Rod Hamilton has been an avid fly fisher for over forty years chasing salmon, trout and steelhead from his home base in British Columbia, Canada during the summer and flats species in the tropics during the winter. Through his recently published book Do It Yourself Bonefishing and blog www.diybonefishing.com he shares his passion for catching bonefish on the fly with like-minded fishermen from around the world. In addition to the book and his online outlets he writes for a variety of magazines and is currently working on his next book, Bonefishing: Off The Beaten Flat.
Rod will be sending Dispatches from the Flats as he fishes his way across some of the best bonefishing flats in the world. His dispatches will be updated to the Winter Issue of OTFM. Stay tuned.
Of course if you measure success by “how many fish are caught” the game is heavily tilted in favor of a guide. There’s just no comparison between fishing with a veteran of the flats and bumbling along on your own. The guide is going to take you places you can only dream of reaching on foot. He knows where to be on each tide, what fly has been working and can spot a “dime” three feet underwater at seventy feet. So for most fishermen using a guide is the most practical use of what may be a limited amount of time on the water. Though the fish numbers may be lower, wading a flat or walking a creek system on your own has unique rewards. The angler becomes part of and is immersed in the fish's habitat. Not standing above the water but standing in it. Not being told what to do, but simply doing the best you can. Not drifting three feet over the crabs, shrimp and starfish but bending down to pick them up. Touching, hearing and feeling the bonefishes world. Beginning to understand how it all fits together and symbiotically attaching your senses to that of the fish. So you only caught four fish, who cares. Since I am not strictly a Do It Yourself fisherman, DIY has come to stand for Design It Yourself. In other words designing fishing adventures that best fit my personality, budget, skill and expectations. This year's travel encompasses a wide range of destinations and experiences, ranging from full service lodges to a “bonefish camping trip”. I’ll be in flats boats, trawlers, pangas, kayaks and stand up paddle boards. Some nights I’ll go to bed happy after being pampered at the lodge, some nights I will fall into bed dead tired after walking six miles on my own in knee deep water. Half the fun is designing the trips. The other half is living them. As I tie my last fly (Greg’s Flats Fly ) and finish packing for this years tropical destinations I eagerly look forward to the new places and people I will meet. No preconceived notions as I set out. I expect I will catch some bonefish, get my fair shot at permit and maybe tangle with a tarpon or two. When I get back home in the spring I guarantee that the good stories will all revolve around the people I fished with. Their pictures may be with a fish, but might be with a margarita. Their expression may tell the story of the “one that got away” or of the one that didn’t. But, rest assured, every face will display the tranquility that comes with knowing they are in paradise.

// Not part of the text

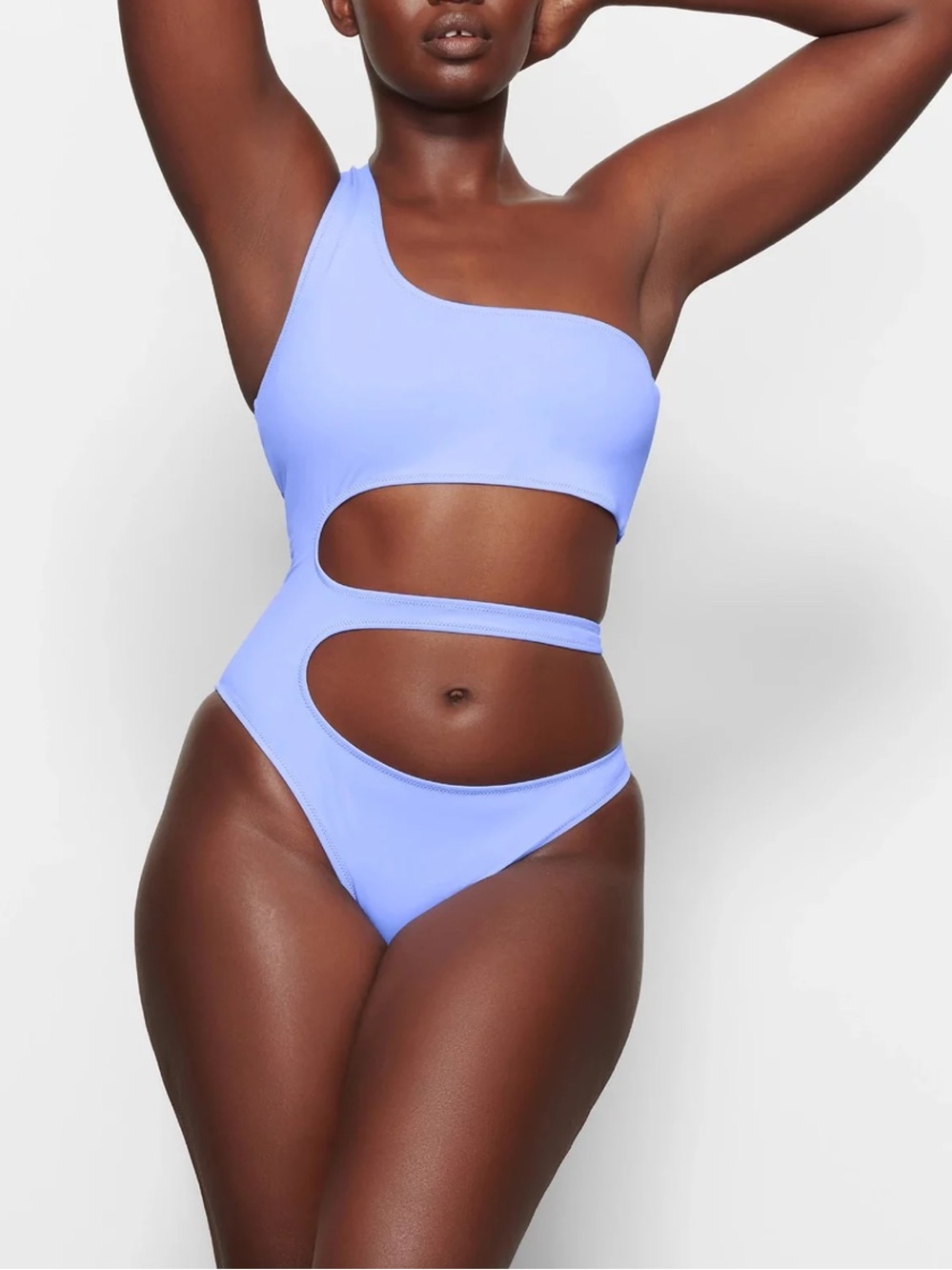 SKIMS One-Shoulder Cutout One-Piece Swimsuit in Light Lavender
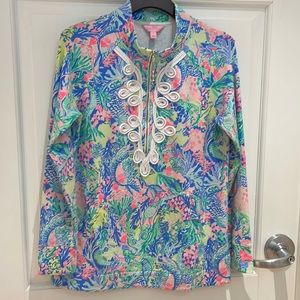 Lilly Pulitzer Skipper Tunic Popover in Mermaids Cove, size small.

I started bonefishing twenty years ago. Like most of us, I hired a quality guide in the Keys and was thrilled to be getting my first shot at fish seen only in magazines. The guide picked me up at the hotel in Key West and on the way to the boat ramp I proceeded to regale him with my skills and conquests with a fly rod. As I stood on the front deck of his boat, my bravado began to evaporate as I blew shot after shot at what I could only assume were bonefish, since I couldn’t see them. The emotional rollercoaster was the equivalent of being shot down by the cheerleader at a seventh grade dance. First embarrassment, followed by frustration, anger and finally resignation. At the end of two days I had caught exactly “zero” fish.
My previous twenty years casting to trout, steelhead and salmon in the Pacific Northwest had ill equipped me for the challenges of catching a Florida Keys bonefish. All of my flaws were exposed. I couldn't see squat and my finely honed casting stroke was worthless when throwing a line seventy feet into a hurricane (read normal tropical breeze). Though I didn’t land a fish, I was hooked. There was plenty I needed to work on, but that first trip introduced me to a world I have come to love. Life has been good to me and I am fortunate now to be able to spend four months a year fishing the flats. I don't seek or value one approach over another. I spend two to three weeks each winter at lodges and fish with independent guides an equal number of days. Even with the occasional day off that still leaves me more than sixty days to fish. Those are the days I explore on my own or with buddies. To me, wanting to fish without a guide from time to time is a natural progression. After spending lots of time in the company of professionals, at some point it's interesting to see if you have learned anything. There is just something different about catching a fish by yourself, relying on your own skills rather that those of someone else. Being successful requires knowledge of tides, bonefish habitat and movement, the ability to spot fish, a good strip strike and finally landing the fish. There is a great feeling of accomplishment that goes with capturing a bone on your own. Not being able to take a picture because you are by yourself might be the greatest picture of all.